- _EXERCISE INPUT_
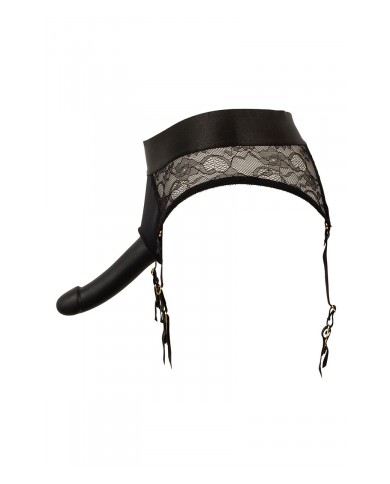 Gode ceinture culotte - You2Toys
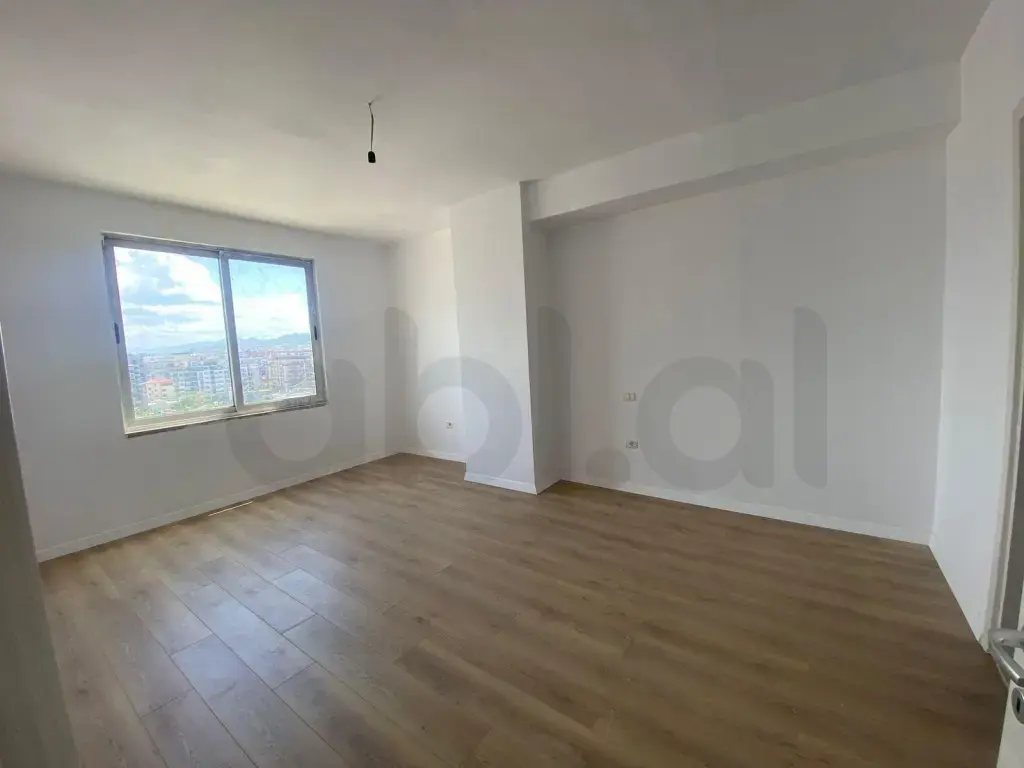 Apartament 2 rooms 116m² 9 floor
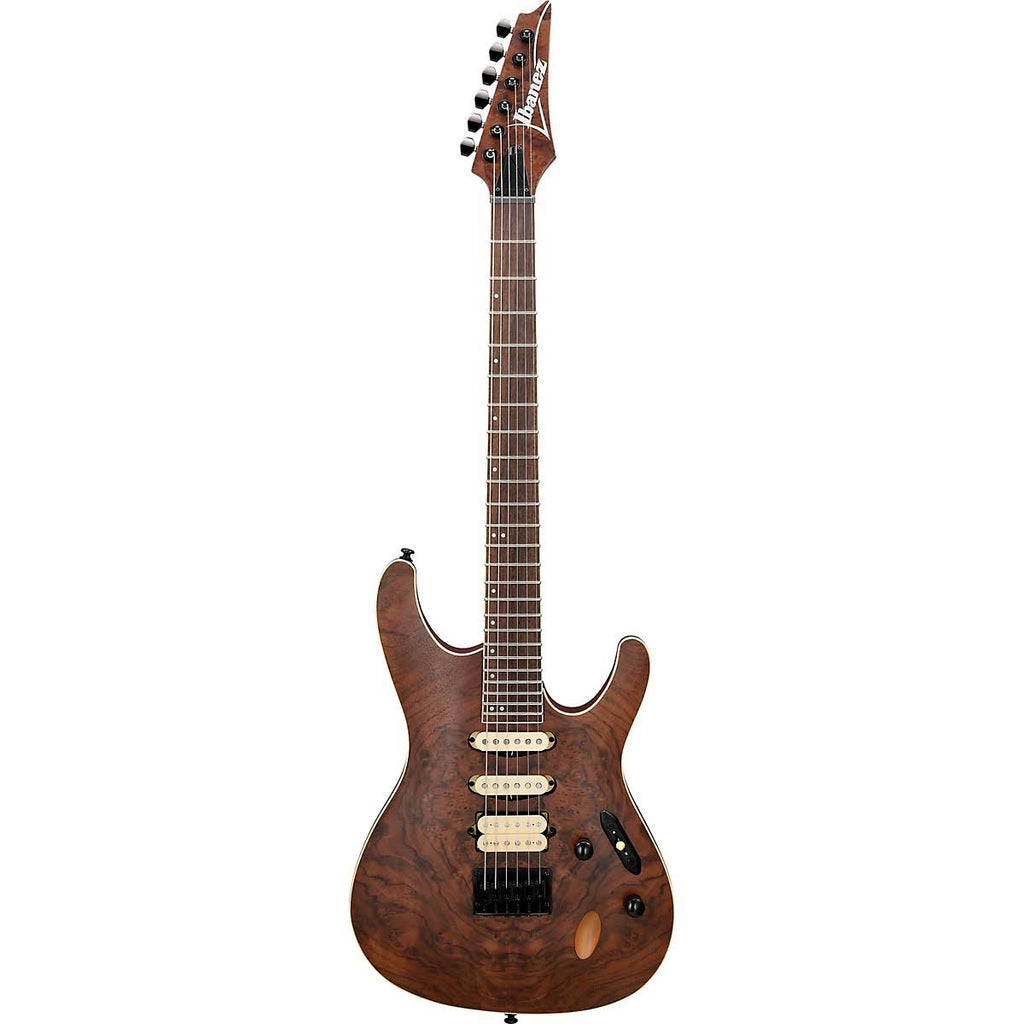 Natural Flat Electric Guitar P20295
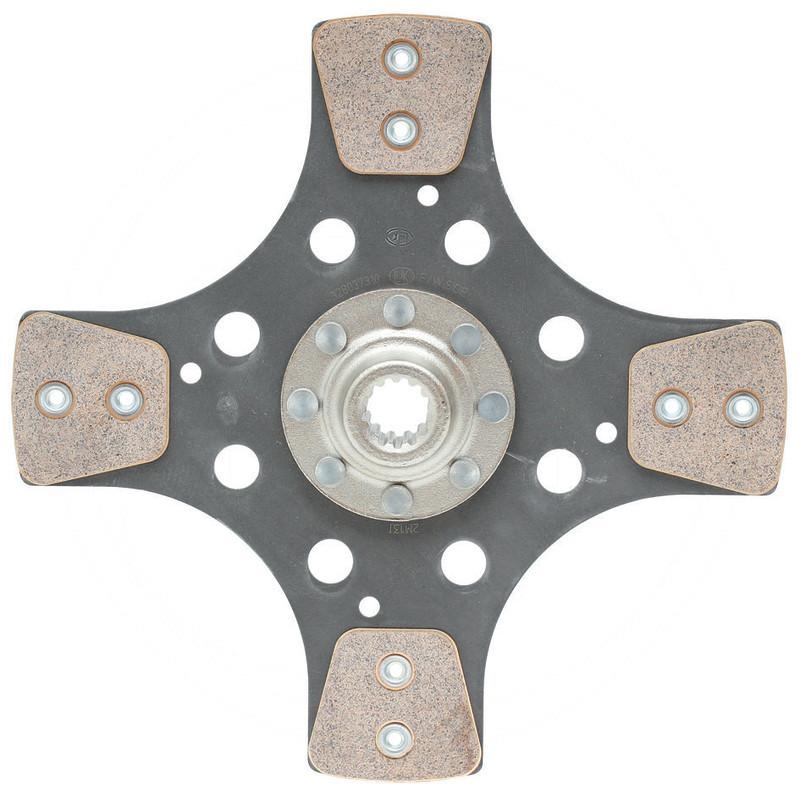 LUK Clutch plate 280UKC | zdjęcie nr 1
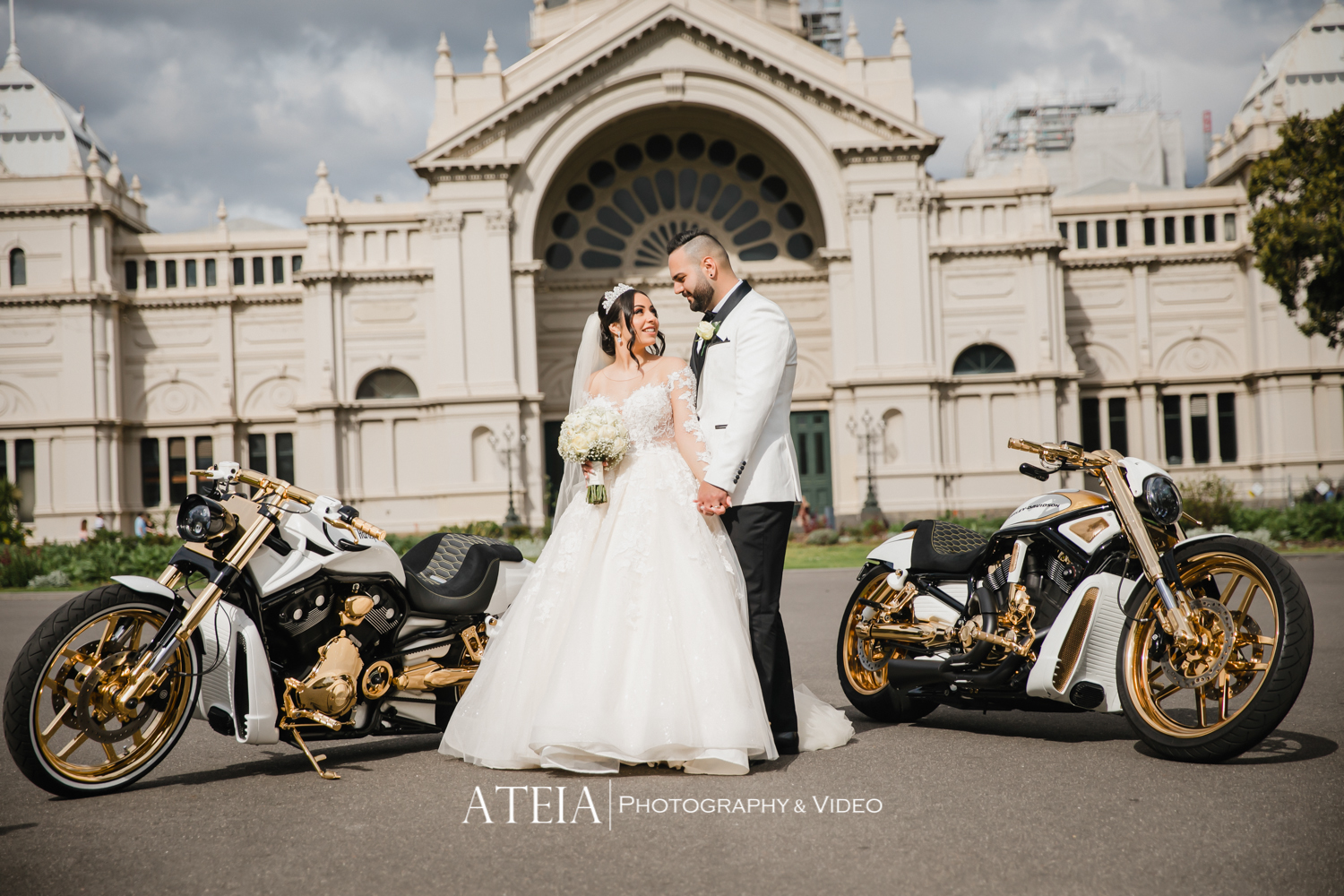 , The Biggest Lebanese / Egyptian Wedding for 2019 &#8211; Luxor Receptions Wedding Photography by ATEIA Photography &#038; Video
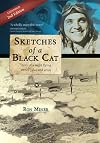 Sketches of a Black Cat - Expanded Edition: Story of a night flying WWII pilot and artist
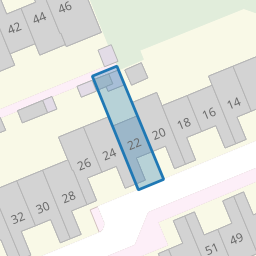 Perceel ISS00-A-1381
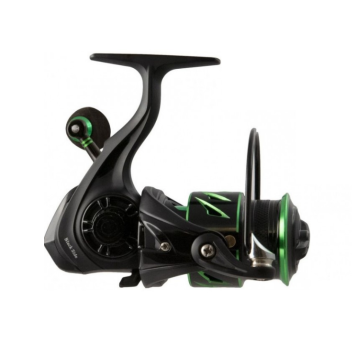 Катушка Black Side Zodiac X 2500FD (9+1 подш.)-1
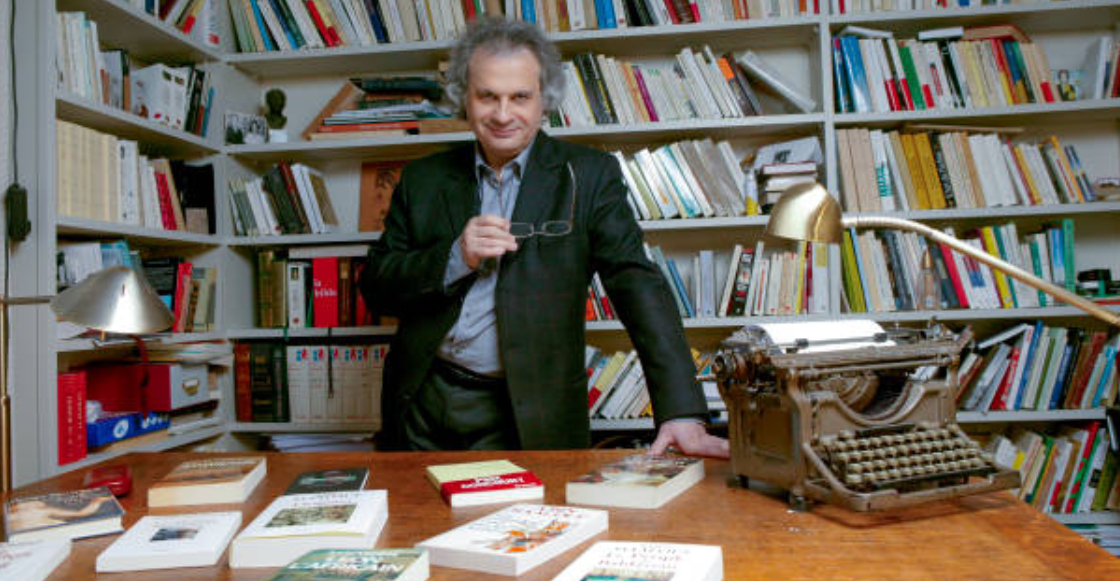 escritor-amin-maalouf-gana-premio-fil-2025-1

- _WORK TO COMPLETE_
Only the lines from the one containing "Катушка Black Side" through the final line of the entries belong in the copy, both ends included. Pictures stay out.

- _COMPLETED EXERCISE_
 Катушка Black Side Zodiac X 2500FD (9+1 подш.)-1
 escritor-amin-maalouf-gana-premio-fil-2025-1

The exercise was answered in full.